> **Records for this task**:
- Opening Delimiter -

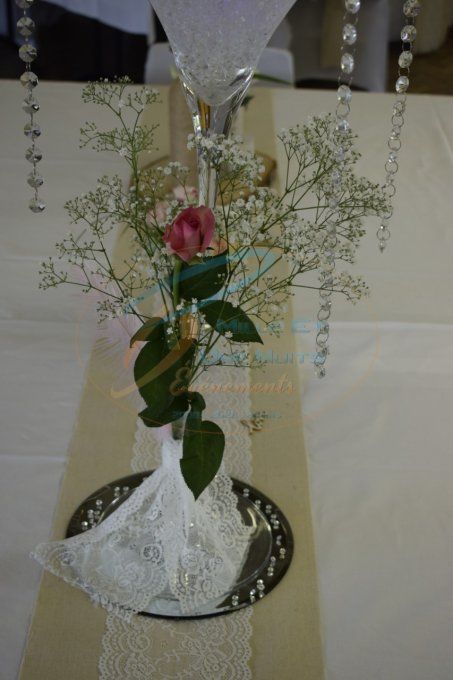 CENTRE DE TABLE BOULE DE PLUME, VASE MARTINI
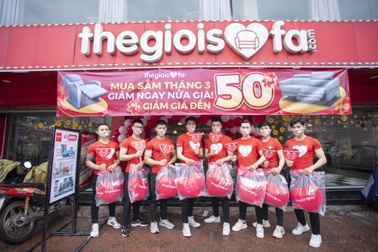 "Mỹ nam đường phố" tặng quà cho phái đẹp ngày 8/3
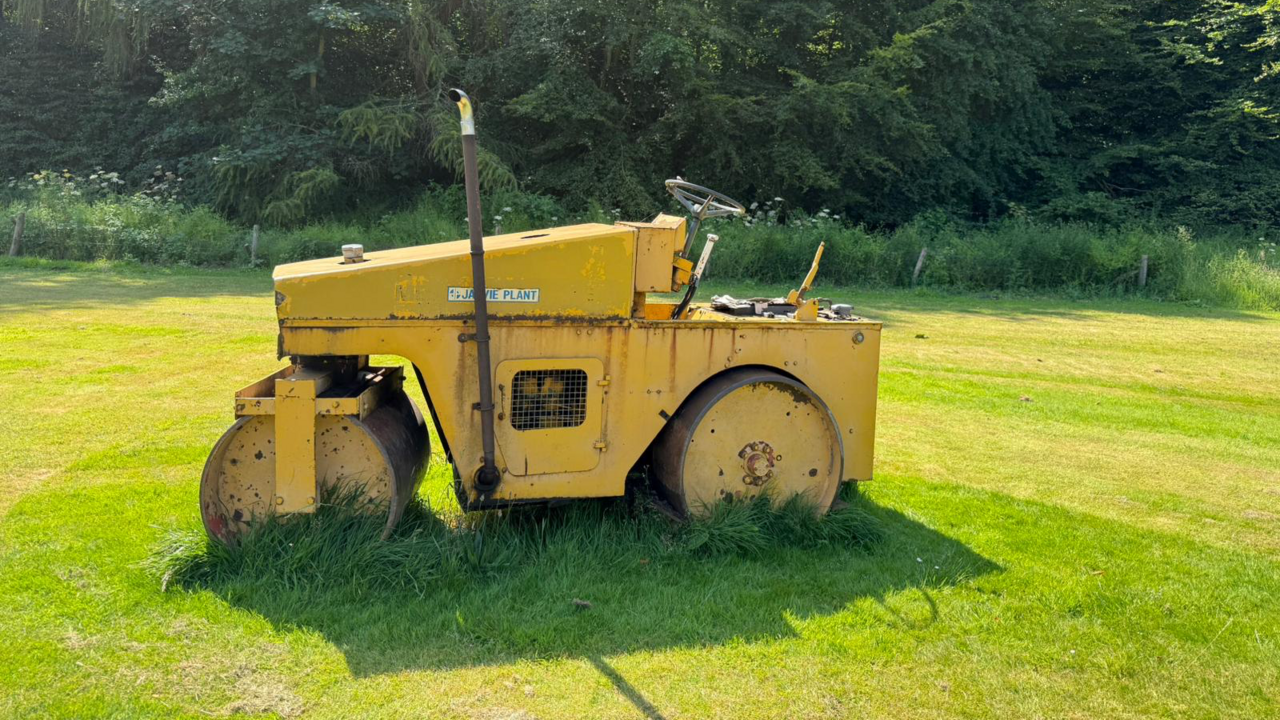 Vintage Jarvie Plant Roller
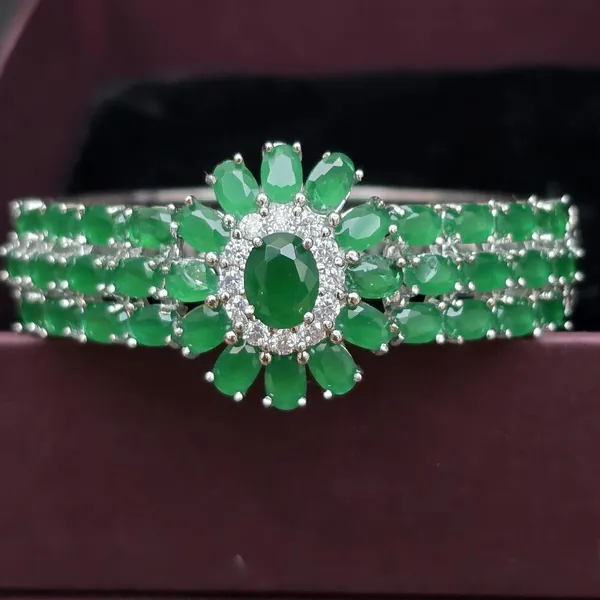 Green_Stainless_Steel_Emerald_With_American_Diamond_Flower_Design_Stone_Bangle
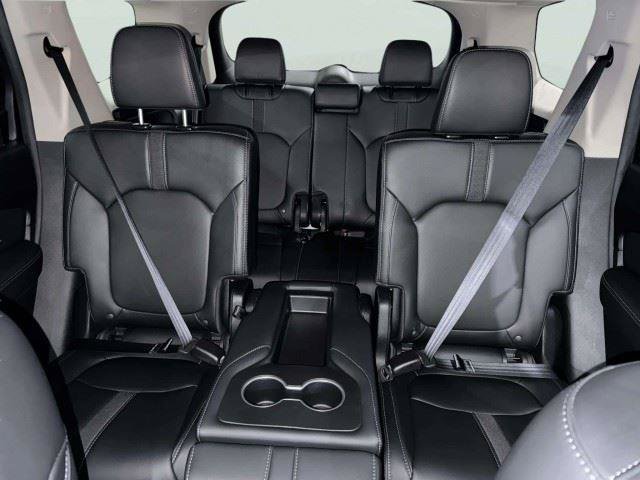 Used 2025 Honda Pilot EX-L image 44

- Closing Delimiter -

> **Problem requirements**:
Leaving out all pictures, transcribe the listing exactly.

> **Answer to this task**:
 CENTRE DE TABLE BOULE DE PLUME, VASE MARTINI
 "Mỹ nam đường phố" tặng quà cho phái đẹp ngày 8/3
 Vintage Jarvie Plant Roller
 Green_Stainless_Steel_Emerald_With_American_Diamond_Flower_Design_Stone_Bangle
 Used 2025 Honda Pilot EX-L image 44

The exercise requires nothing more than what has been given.